Eskişehir’de part time dahil 3 bin moto kuryenin olduğunu söyleyen Başar, çalışma şartlarının zorluğu ve kazancının söylendiği kadar yüksek olmadığını gören birçok kişinin kuryeliği bıraktığını belirtti. Başar, “Özellikle pandemi sonrası bu yalan, yanlış reklam ve haberlerle birlikte kuryeliğe büyük bir talep oldu. Yalnız son bir yıldır insanlar bunun gerçek olmadığını görmeye başladı. Bizim kendi dostlarımız da mesleklerini bırakıp bu işe gelip bir süre sonra işte kazalar, tehlikeli durumlar geçirip kazançların gerçek olmadığını da görünce bu işi bırakmaya başladılar. Şu anda Eskişehir'de, kabaca part time veya ikinci iş olarak bu işi yapanlar dahil 3 bin kurye var. Ama ana geçim kaynağı olarak bu işi yapanlar ise yarısıdır. Bin 500 kişi civarındadır. Yani son dönemde talep azaldı. Çünkü kazançların gerçek olmadığı, bu işin çok tehlikeli bir iş olduğu ortaya çıkınca tabii insanlar kendi mesleklerine geri dönmeye başladı” ifadelerini kullandı.

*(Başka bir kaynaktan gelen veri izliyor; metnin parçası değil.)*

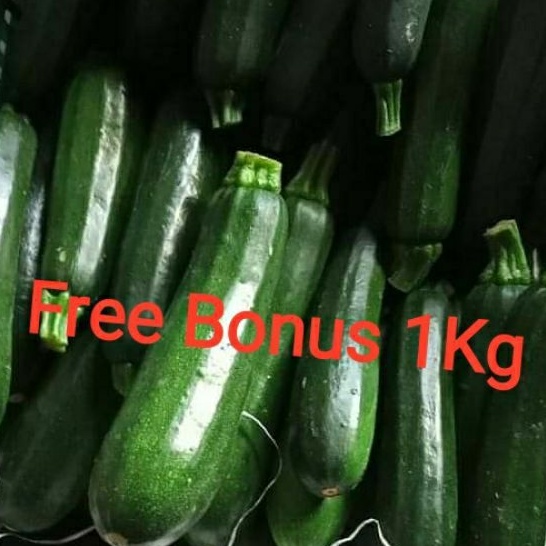 

Zucchini | Zukini + Gratis Bonus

1 Mayıs’ta alanlara davet etti
1 Mayıs İşçi Bayramı’nda tüm kuryeleri alanlara davet eden Başar, konuşmasını şu şekilde sürdürdü: “Biz tabi ki tüm meslektaşlarımızı hem Eskişehir'de hem ülke genelinde ve diğer tüm işçi sınıfını 1 Mayıs'ta meydanlara çağırıyoruz. Ülkemizde son dönemde yaşananlara karşı haklarımızı almak, özgürlüğümüzü almak için 1 Mayıs'ta meydanlara gelip bunları talep etmek istiyoruz.”